Short descriptive text snippets:
----------------
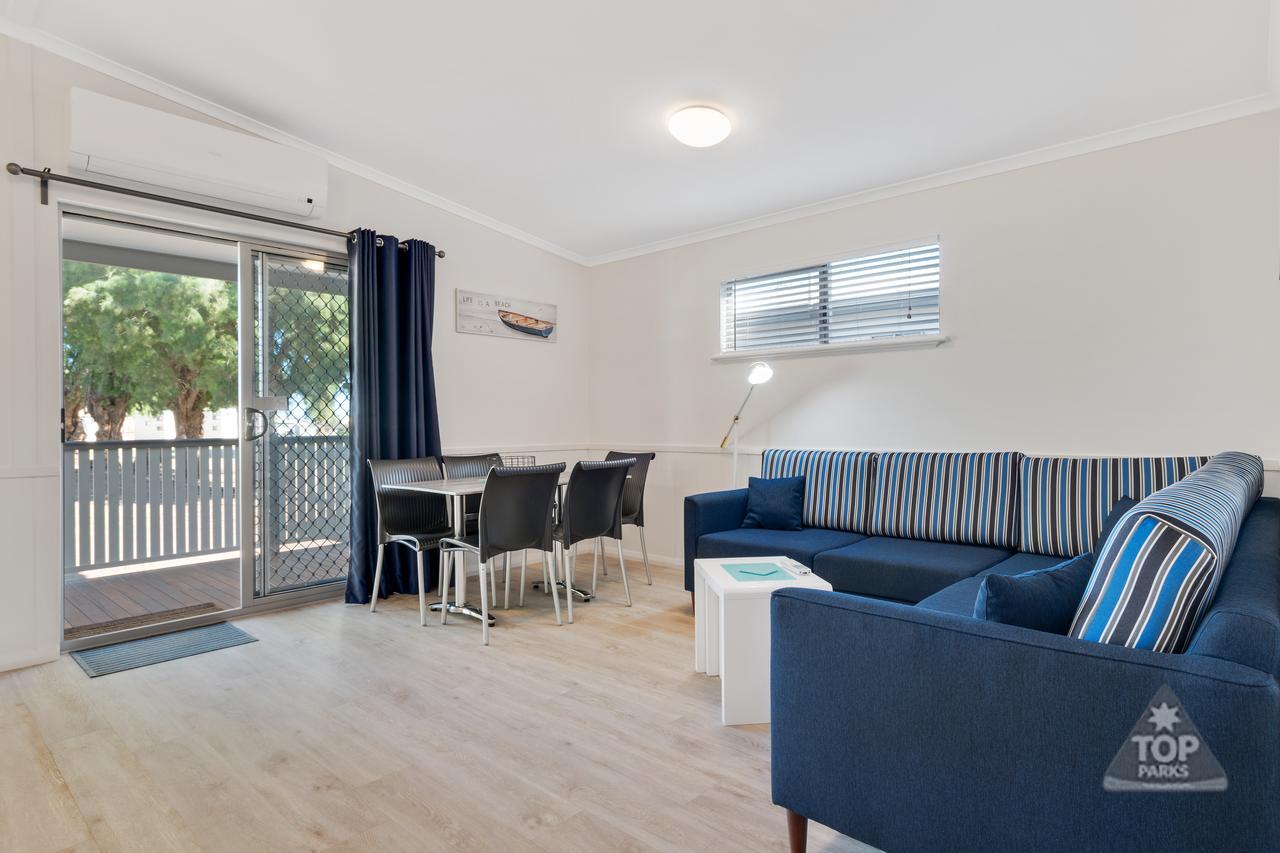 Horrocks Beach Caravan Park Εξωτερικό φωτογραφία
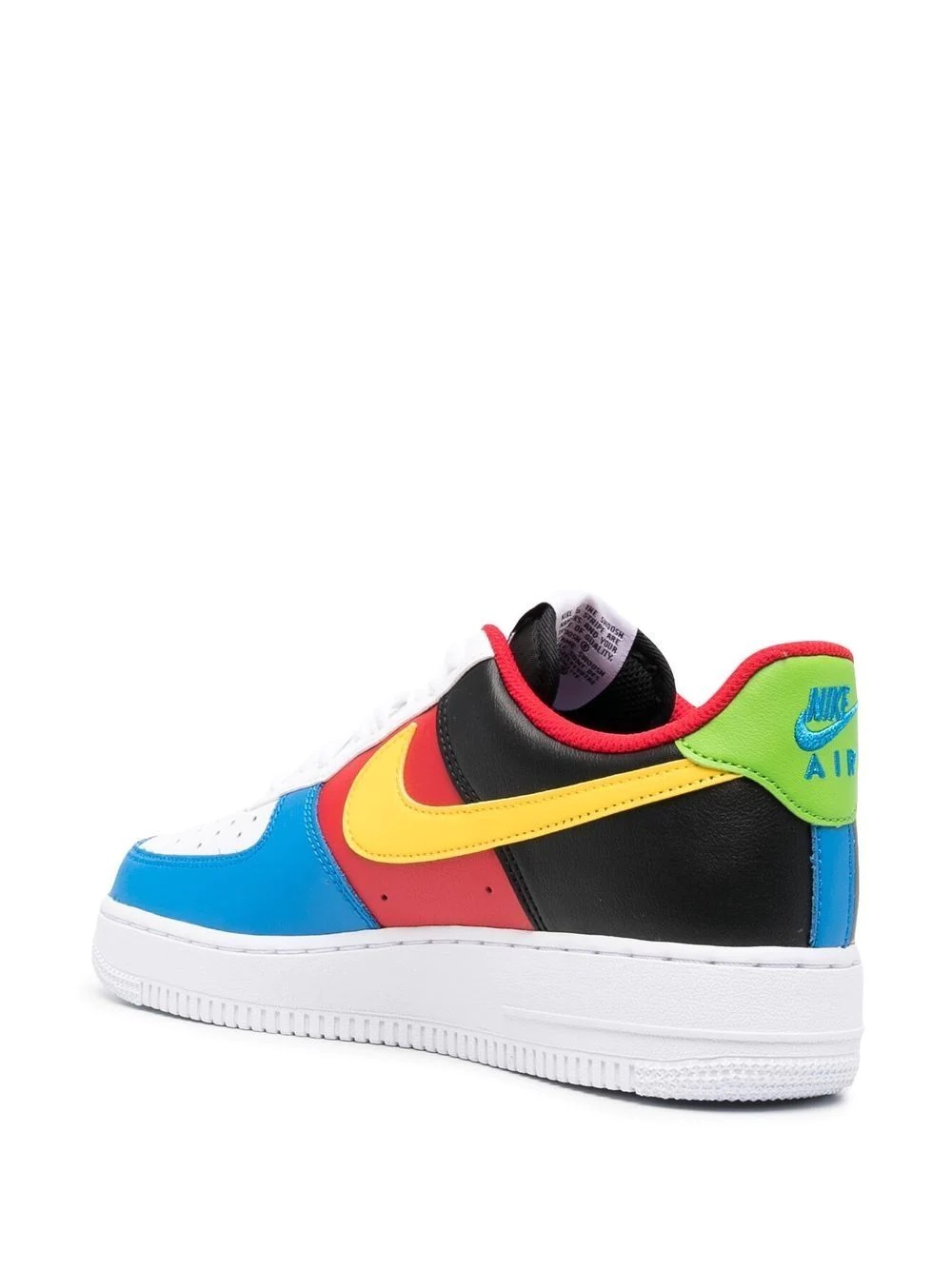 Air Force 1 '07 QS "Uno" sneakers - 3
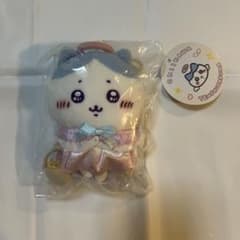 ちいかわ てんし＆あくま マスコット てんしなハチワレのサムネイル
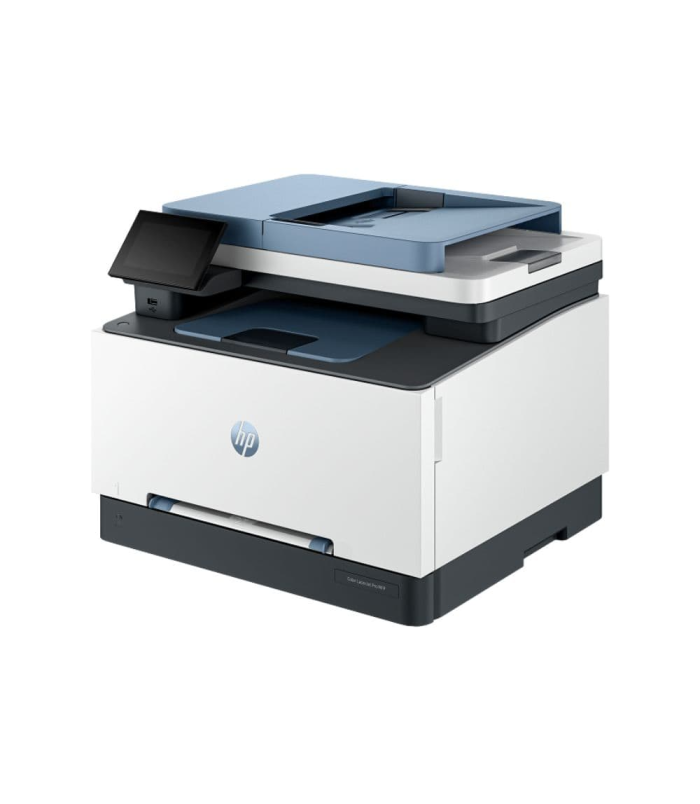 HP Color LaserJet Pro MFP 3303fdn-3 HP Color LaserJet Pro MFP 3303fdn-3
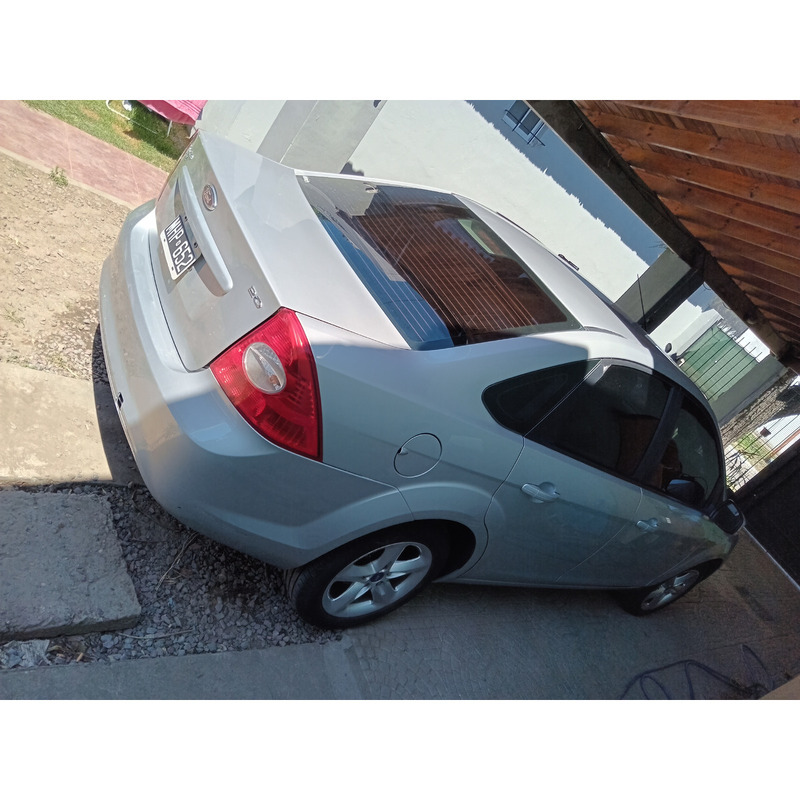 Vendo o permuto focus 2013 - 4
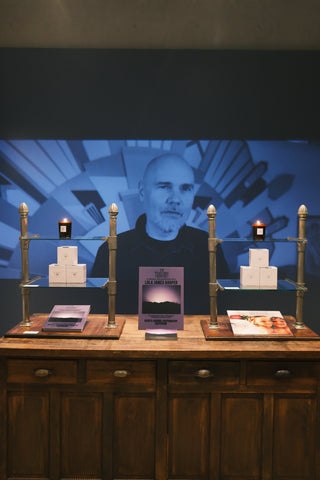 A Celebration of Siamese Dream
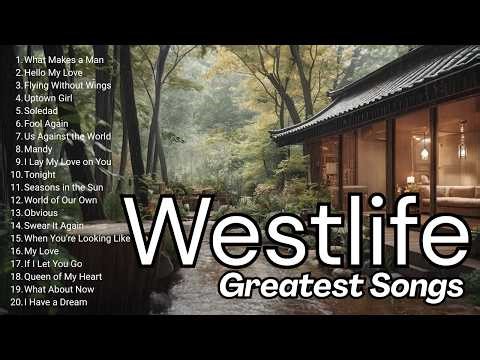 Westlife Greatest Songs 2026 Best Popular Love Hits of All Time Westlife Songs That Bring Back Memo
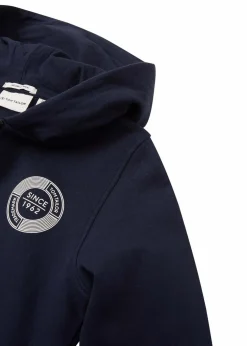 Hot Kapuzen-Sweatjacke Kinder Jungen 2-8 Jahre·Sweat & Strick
----------------
Exercise instructions:
In the records above, find the line containing "A Celebration of Siamese Dream" and output every line from the first through that one, exactly, omitting pictures.

Solution for this exercise:
 Horrocks Beach Caravan Park Εξωτερικό φωτογραφία
 Air Force 1 '07 QS "Uno" sneakers - 3
 ちいかわ てんし＆あくま マスコット てんしなハチワレのサムネイル
 HP Color LaserJet Pro MFP 3303fdn-3 HP Color LaserJet Pro MFP 3303fdn-3
 Vendo o permuto focus 2013 - 4
 A Celebration of Siamese Dream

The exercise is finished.